WORK ITEM. From the first line below to the last, reproduce the material exactly and leave out the images.

INFORMATION SHOWN.
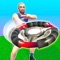 Beat the opponents in a game of Disc Clash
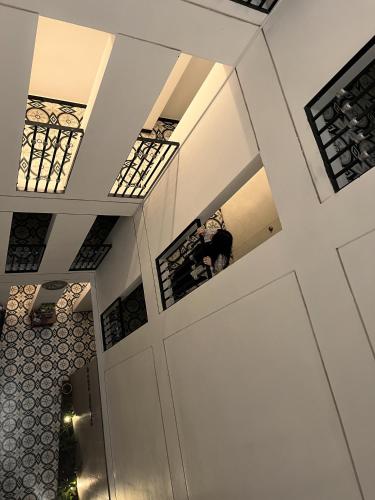 Casa Patrones in Chiclayo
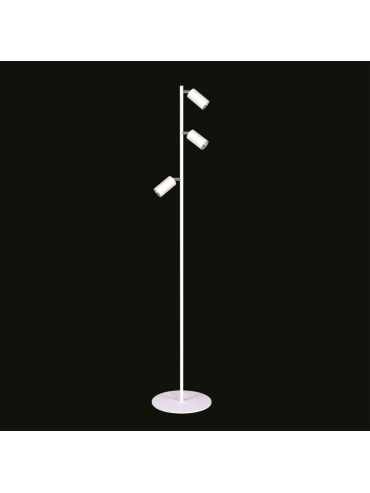 Lampa podłogowa K-4419 KAYLA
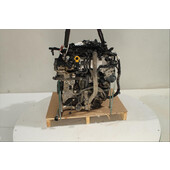 Motor diesel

TASK RESPONSE.
 Beat the opponents in a game of Disc Clash
 Casa Patrones in Chiclayo
 Lampa podłogowa K-4419 KAYLA
 Motor diesel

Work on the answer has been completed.